Health & Fitness
Tax Dollars are for Lobbying^Education
Your tax dollars go to the New Hampshire School Board's Association (NHSBA) to support legislative lobbying. Do the NHSBA lobby positions agree with yours? You might be surprised.

[UPDATE: A previous version of this article eroneously stated that the NHSBA was in favor of the return of "Evergreen Clauses". The NHSBA in fact opposes "Evergreen Clauses."]
As Steve MacDonald first discussed here, here and here, the Merrimack School District is sending $6,092 of your tax dollars annually to the New Hampshire School Board’s Association (NHSBA), a registered lobby activity. After the District administrators admitted that they’ve been paying those dues for years in a manner that violates RSA 15:5, the Superintendent invited NHSBA Executive Director, Ted Comstock, and NHSBA staff attorney, Barret Christina, down for a little damage control before the School Board.

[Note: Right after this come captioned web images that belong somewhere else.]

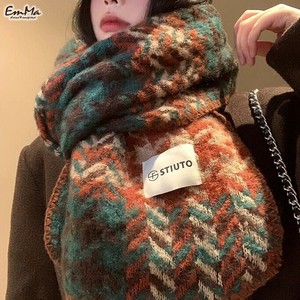 カラフルニットマフラー  レトロカジュアル 秋 冬  【2024AW】 WU2210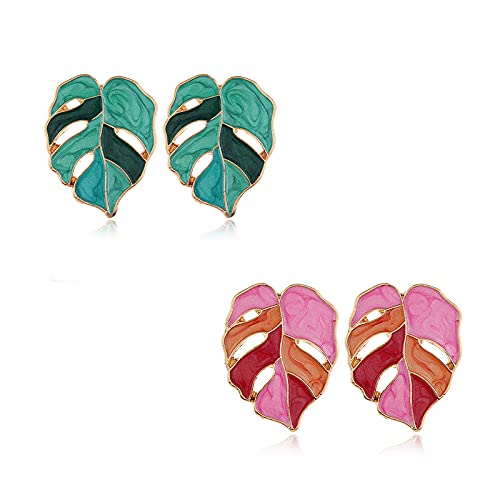2 Pairs African Natural Monstera Leaves Stud Earrings Set Enamel Tropical Plant Palm Leaf Drop Dangle Earrings For Women Girls Beach Ethnic Summer Boho Jewelry-1 #TOP28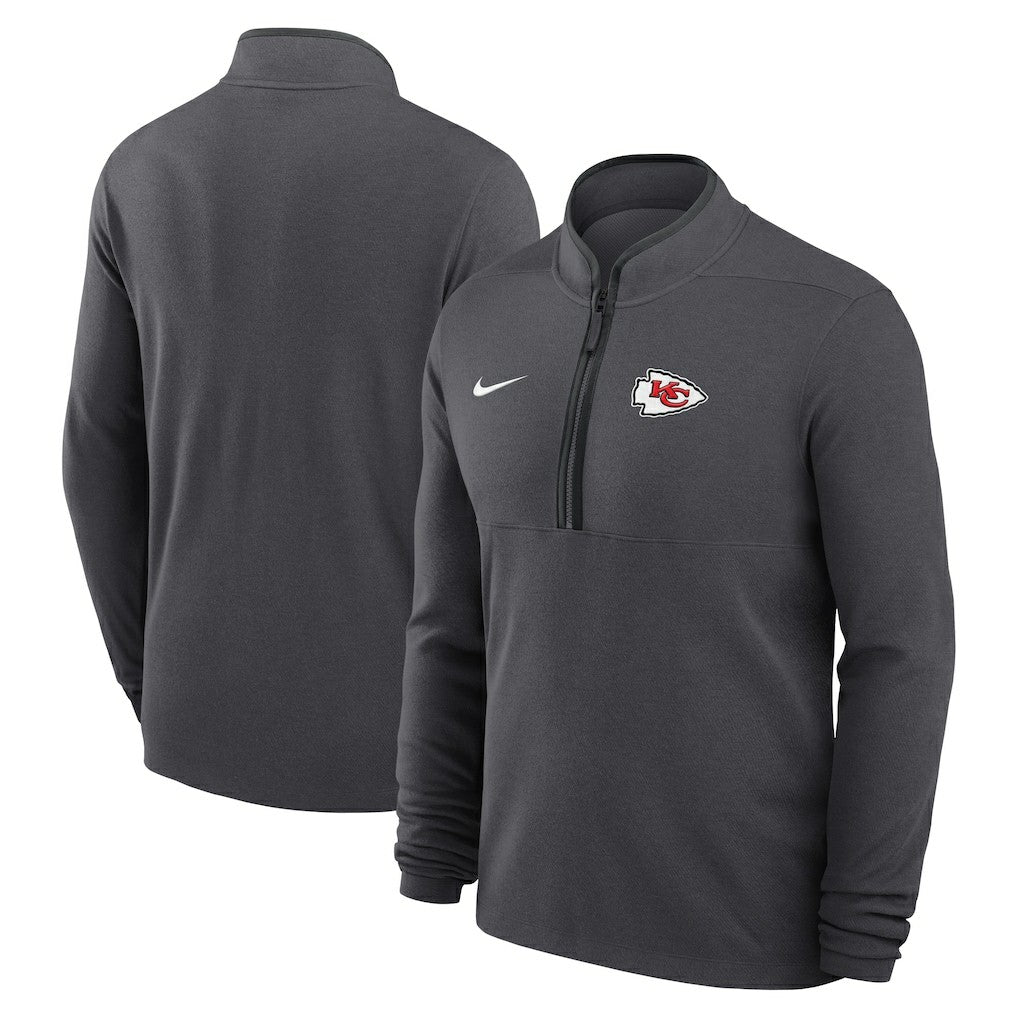 Nike Kansas City Chiefs Lightweight Victory Dri-FIT Half-Zip Pullover Anthracite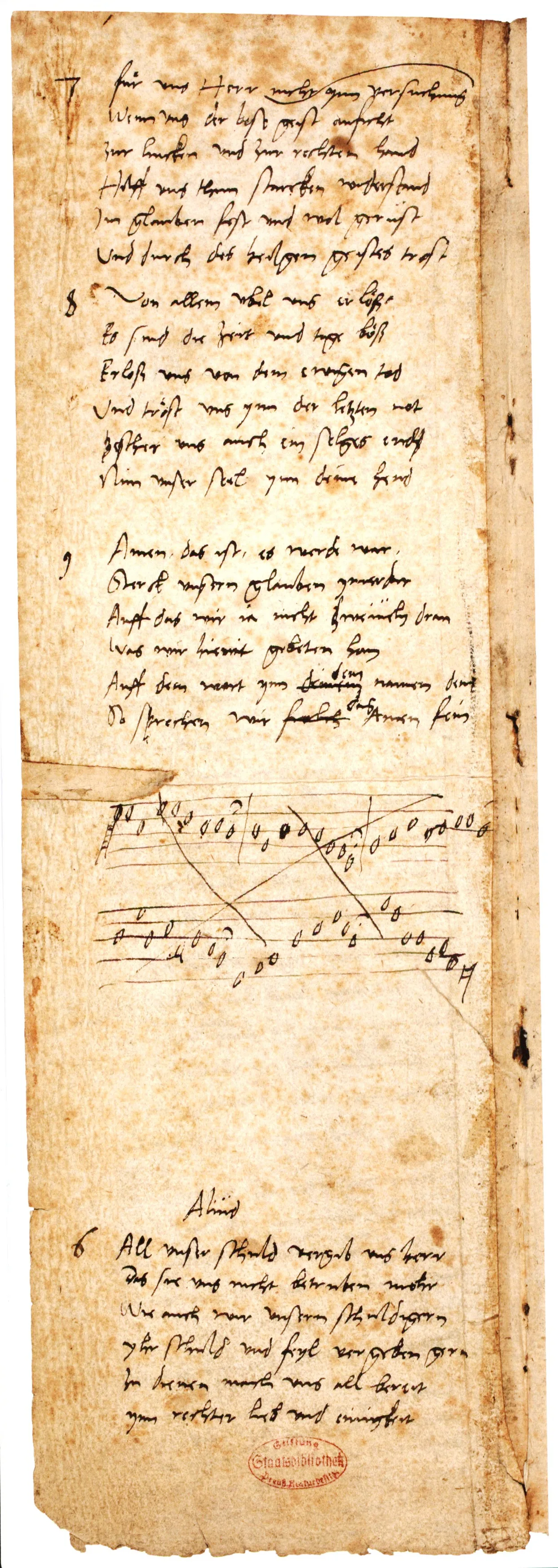 Autograph of "Vater unser im Himmelreich", with the only notes extant in Luther's handwriting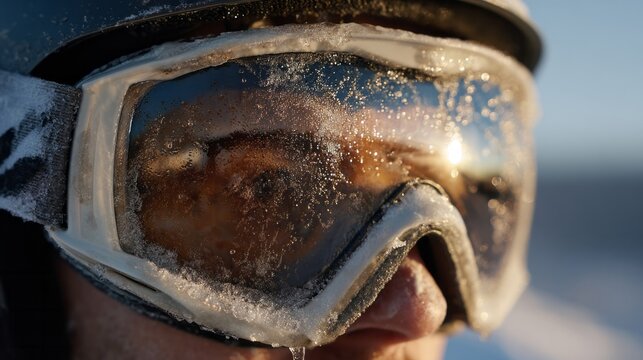 Icy goggles reflect wintry adventure, snow-kissed horizon, winter solstice celebration, adventurous spirit of Nordic traditions, frost-clad serenity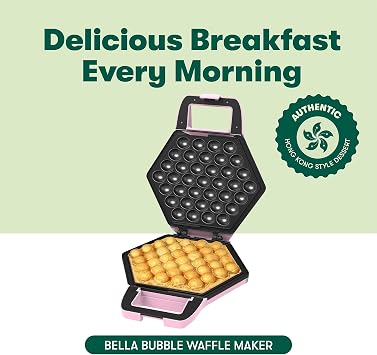 bella Bubble Waffle Maker for Hong Kong Style Breakfast Dessert 9 Waffles, Keto Chaffles Iron with Non-stick PFOA Free Iron Plates for Easy Cleaning and Food Release, Cone Rack Included, Pink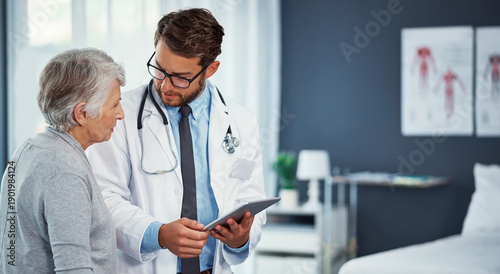 Fotografija Doctor, tablet and discussion with old woman in hospital for advice, mammogram test results and healthcare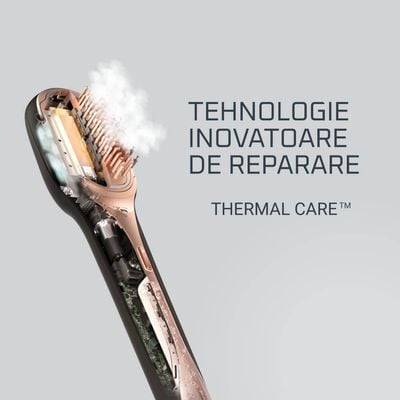Perie de par reparatoare cu abur Rowenta Hair Therapist™ CF9940F0, 165 W, tehnologie Thermal Care, invelis Keratin, oprire automata, afisaj LED, geanta pentru transport, negru/maro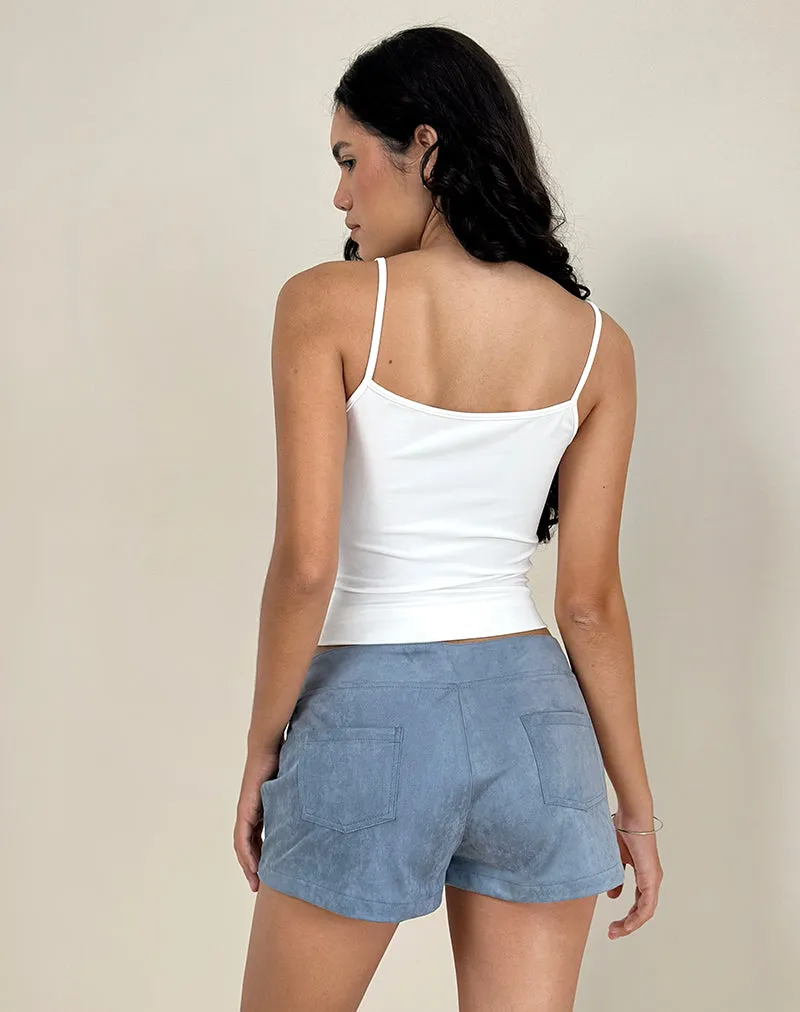 Samila Seamed Hotpant in Suede Dusty Blue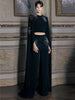 High Street Designer Runway Suit Set Women's Batwing Sleeve Diamonds Beaded Cropped Tops Pants Set 2pcs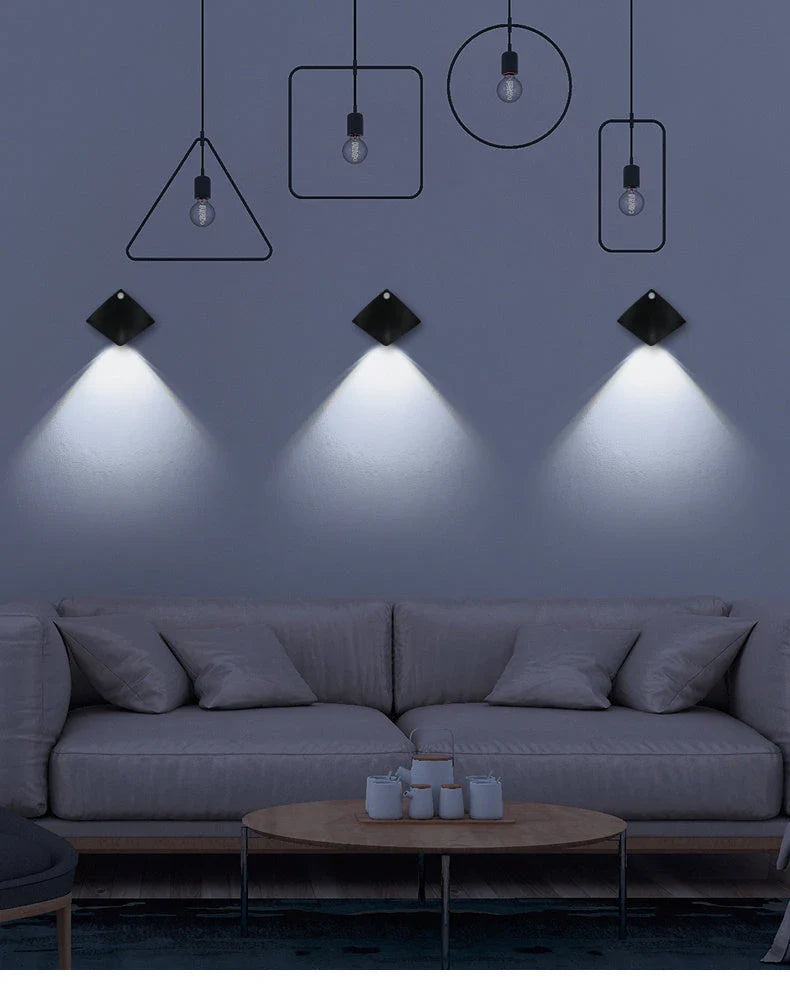 Wireless motion-activated LED wall light with various lighting color and power source options for home decor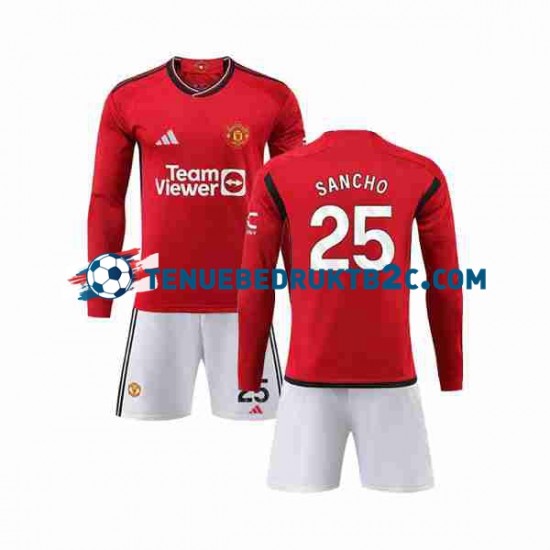 Thuisshirt Manchester United Sancho 25 Voetbalteneu Kinderen 2023-24 L-S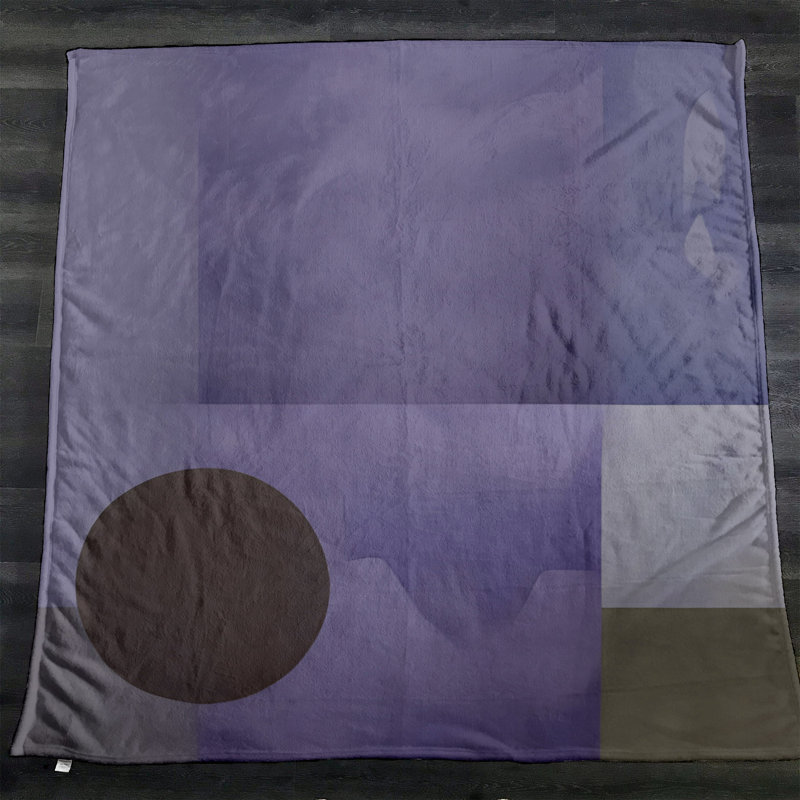 Throw Blanket, Geometric Shapes/Abstract, 68" W x 80" L, Purple/Brown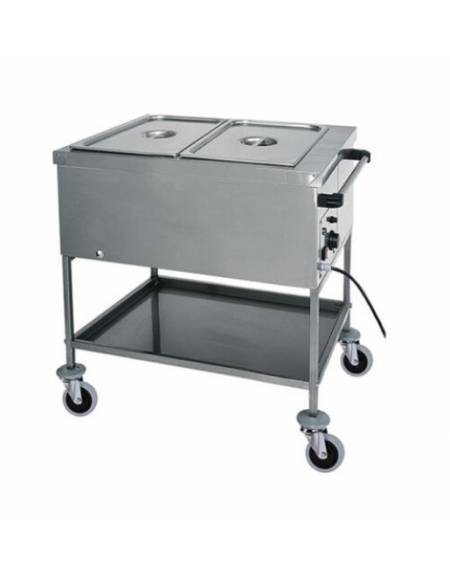 Carrello termico in acciaio inox con resistenza a secco 1x1/1 GN (senza acqua) cm 56x65x85h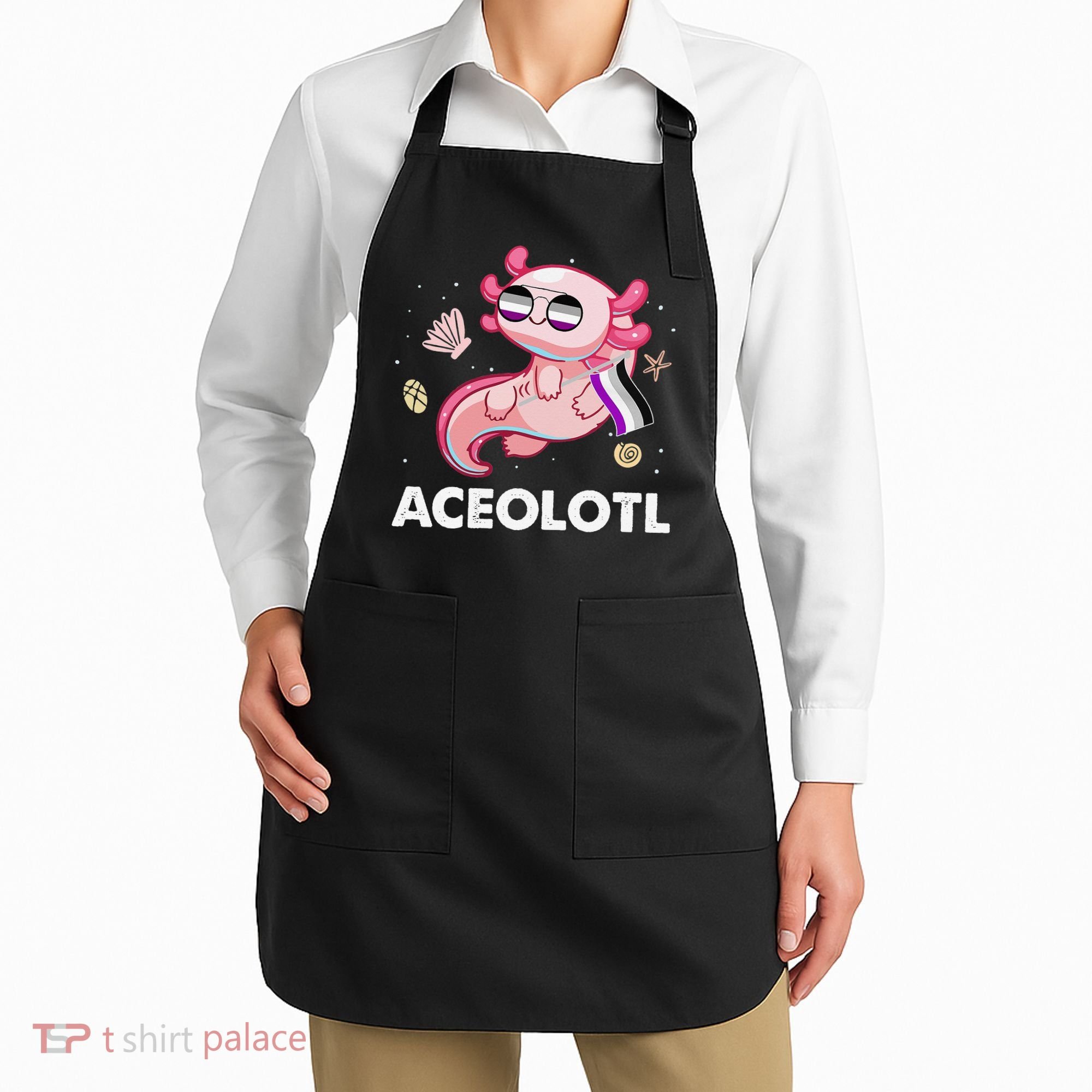 Ace Axolotl Asexual Pride Flag Mexican Salamander LGBTQ Apron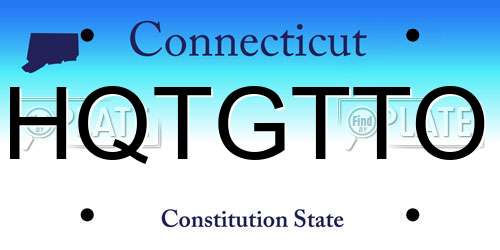 HQTGTTO Connecticut License Plate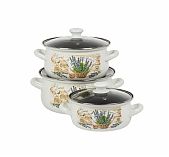 Набор эмалированных кастрюль Керчь Сбор трав-1-Экстра 2л, 3л, 4л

Mr. Comstock spoke eloquently for fifteen minutes on the benefits and services provided by NHSBA to its 160+ member districts. He talked about the ever changing landscape of State and Federal laws and the need to have dedicated personnel to advise Districts on how to remain compliant (apparently the NHSBA missed RSA 15:5's restrictions on dues payments to lobbyists). He, of course, downplayed NHSBA’s lobbying roll by saying it represents “less than 10% of the staff hours.” He later went on to say, “actually, it is probably less than 7%.” With so little staff time devoted to lobbying, I wonder how NHSBA supports the mandates set out in its “Policies, Resolutions and Statements of Belief Manual.” By my count, at least half of the fifty statements specifically call on NHSBA to lobby the legislature (e.g. “support legislation”, “oppose legislation”, “urges the legislature”, etc.).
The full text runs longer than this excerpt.